The Magical Land of Cappadocia

Cappadocia is truly a magical wonderland like no other place on earth. I explored and slept in the caves that are scattered across the landscape, and was never quite sure if I was really on earth or not.

When a friend came to visit me in Turkey, I decided to take her to a place I had heard was unique in Central Turkey. Unique it was! The Cappadocia region is covered in pointy fairy chimney caves made of volcanic tuff, basalt and andesite rock that used to be housing, places of worship and businesses. The whole area seems rather unreal, since there are very few if any geographical areas similar to this one anywhere else in the world.




Time Zone:          Eastern European Time

Location (Latitude, Longitude): Göreme, Turkey

How far did I travel this week? 350 kilometers, or 220 miles

How far have I traveled on your journey so far? Many many miles!

How did I get around this week?        I took a big bus from Osmaniye to Nevşehir, and then a mini bus from Nevşehir to Göreme. My total travel time was about seven hours.

What was the most interesting place I visited this week? Cappadocia is a region in Central Turkey that is one of the most interesting places in the world. Göreme is the town I was based in, but the entire region covers hundreds of square miles.         

 1nFz7-HNpFrPyzlTZjxN4jmtSaXQO1-YBxHyqXXHLCMOther travel news: After hours of bus travel, Madeline and I arrived in Göreme, where we planned to stay for a few days as we explored the region. We were directed to the cave hotel we had selected and settled in for the night. Besides the amazing geographic surroundings, we were also in a much different place than I was used to in Turkey because this was such a tourist attraction. Most people we encountered spoke English or some language other than Turkish. It was incredible to me, because this is not something I am used to in Turkey, but I must admit it was a nice break from the usual language challenges.

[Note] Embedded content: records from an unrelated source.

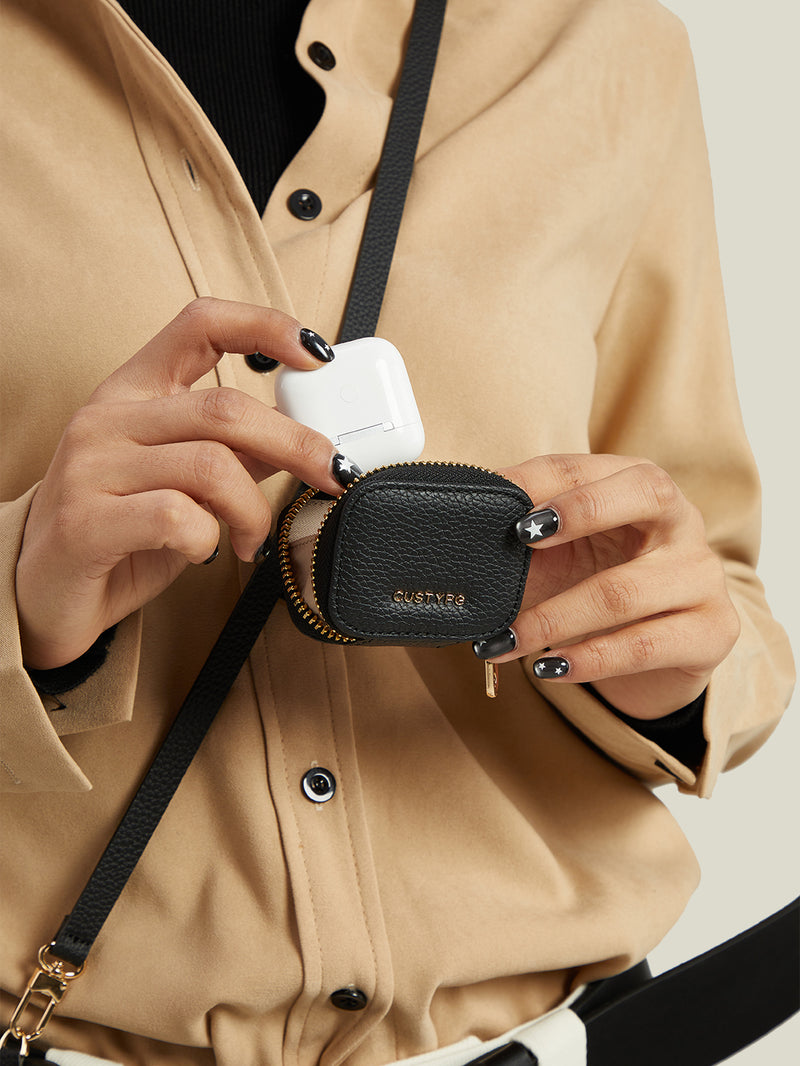 beautiful phone cover best crossbody phone case​ iPhone 16 Pro Max
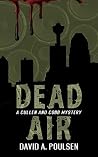 Dead Air: A Culle...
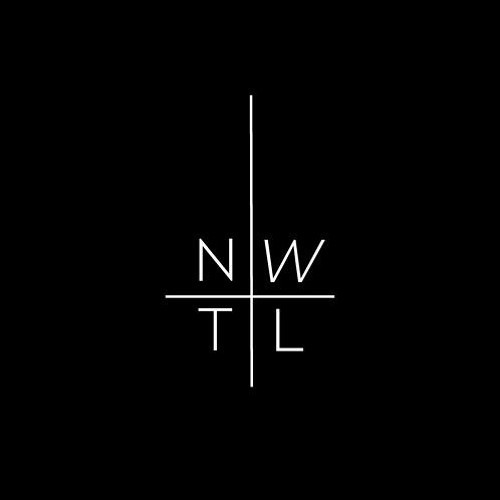 NWLT, Subtil369 - SchickeDanz (Original Mix) [FREE DOWNLOAD] [Soundcloud Master]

Weather Tally (enter the # of days for each weather type):



Partly cloudy:    0



Windy:      0

What is the air temperature right now?     The temperature was lower in Göreme than in Osmaniye, mostly due to the higher elevation. Temperatures reached 80 degrees Fahrenheit during the day, but dropped into the 50s at night.

How was the weather this week?      Quite gorgeous, really. We quickly adjusted to the change in temperature and were grateful for little rain and clear warm days as we were hiking about.

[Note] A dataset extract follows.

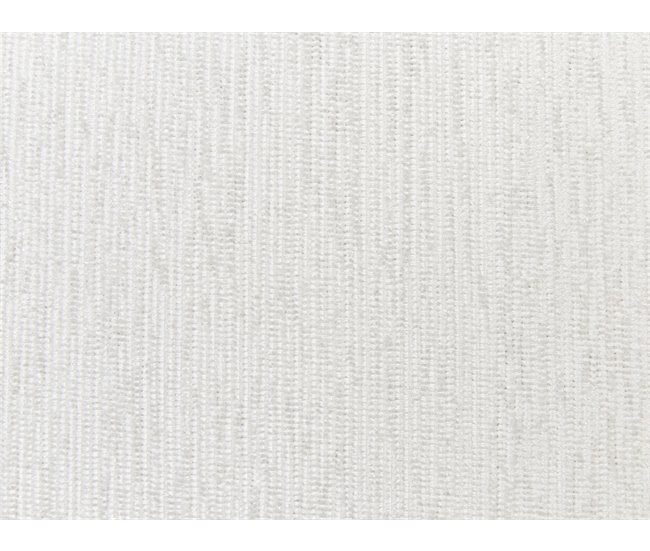 Beliani Almofada decorativa JASMINE 45x45 Branco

What animals did I see this week?     This week I saw sheep, birds, ducks and fish. The sheep were grazing in a field we were hiking through, and they ran about all around us. We stopped to talk for a bit with the shepherd who was watching over them.


What was the coolest thing I saw in nature this week?      The sheep were pretty neat to encounter, but the rock structures all over the region were incredible. We explored an underground city and climbed through caves that were multiple stories high on the inside.

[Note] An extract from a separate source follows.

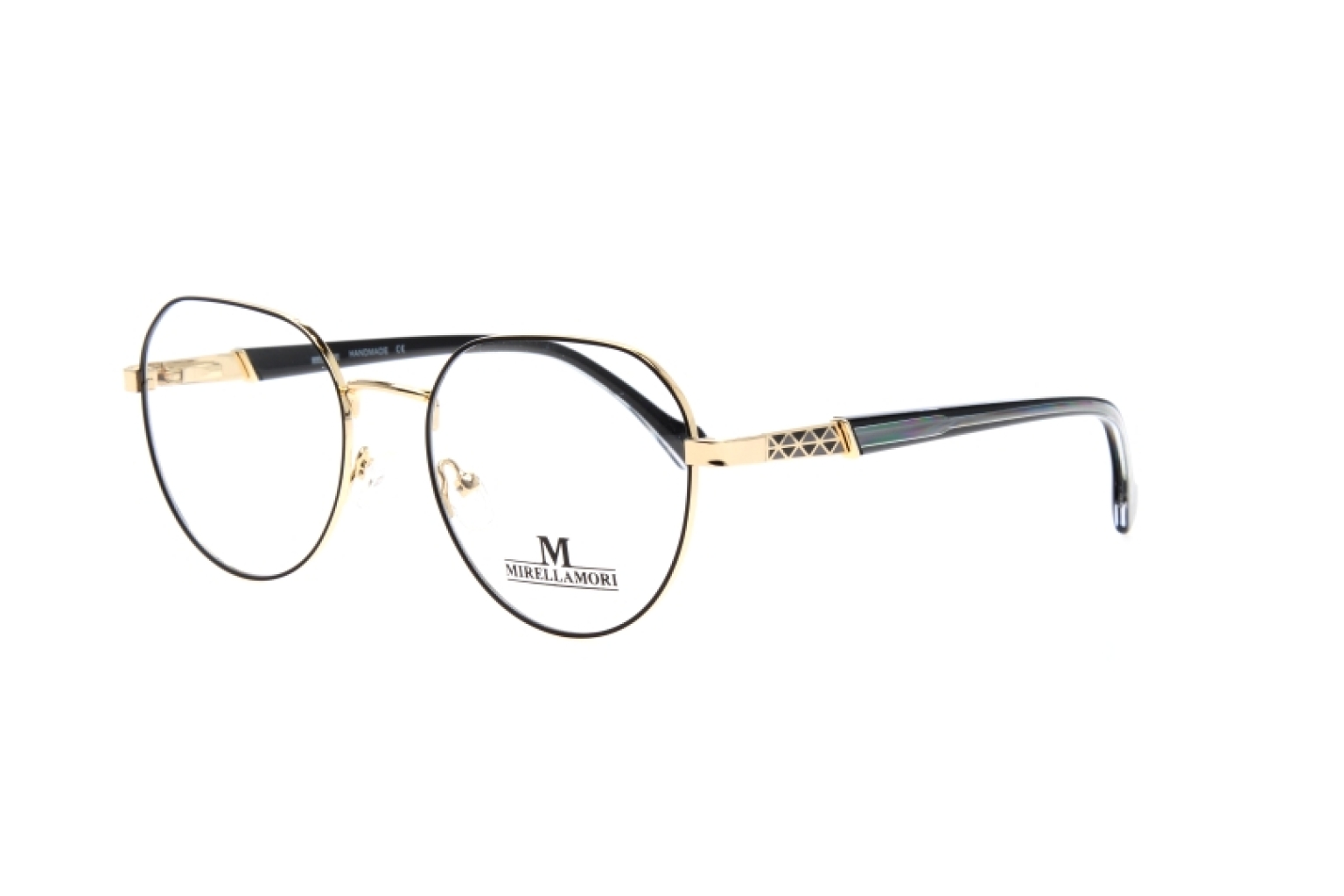 оправа Mirella Mori 22103 01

Other Nature News: Madeline and I joined a group heading to Ilhara Valley. This is actually a canyon that is full of greenery. There are many trees, bushes, plants and grass. The walls of the canyon are rock. They are dotted with caves that were inhabited in ancient times. We hiked along a river that was flowing quite steadily. At the end of the hike, we came to a waterfall. This was a nice reward after hiking for several hours in the sunshine. We were ready for lunch by then!


What languages are spoken here?      Turkish primarily, but also the languages of tourists, including English, German, French, Spanish, Russian and Japanese.

What type of money is used here?     The Turkish lira, though prices are sometimes listed in euros because of all the European tourists.

How much does a bottle of water cost?     Water costs about $1, which is about twice as much as other places in Turkey because this is a popular tourist destination, so the locals can take advantage and make more money. Tourists typically have more money to spend than average Turkish people.

What was the best meal this week?      I had an excellent dish called testi kebab, which is famous in the region. Meat and vegetables are combined with a tomato sauce and placed in a ceramic jar. Raw dough is placed over the top to seal it and the entire jar is cooked over a fire. When it is finished, the jar is cracked open so the food can spill out. The meat is extremely tender and delicious and served with rice.

What music did I listen to this week?      The bus drivers play mostly Turkish pop music that we heard a lot as we were driving between caves.

What activity was the most fun this week?     Trekking around massive caves, exploring various rooms and figuring out what they were previously used for. It was exciting to stumble across an old church that still had brightly colored paintings covering the ceilings and walls.

What did I read this week?  This week I read books about the Cappadocia region. There is so much history and I tried to grasp some of it.

What games or sports did I play this week? Hiking was the primary sport of the week. We covered many, many kilometers on foot. My friend had her baby in tow, but he didn’t slow us down at all!


Other news from this week: There are 36 underground cities that have been discovered in the Cappadocia region. These were very important to the development of Christianity, because they provided hiding places for people who would otherwise be killed because of their beliefs. People lived in these cities until the end of the seventh century. These cities remind me what I imagine the inside of an ant colony to look like. If you come across a mound of ants, they are scurrying around and working so hard, going in and out of the ground. From above, there is not much to see. But I imagine a bustling busy city just below the surface, stretching down many “ant” stories. Some of the cities in Cappadocia are thought to have housed up to 4,000 people at one time. People did not live in these cities forever. Rather, they served as a refuge whenever danger was nearby. Can you imagine living underground for several days? What about several weeks or months? I cannot. I like fresh air! They had an amazing system set up, but I am sure people got very tired of not seeing the sun.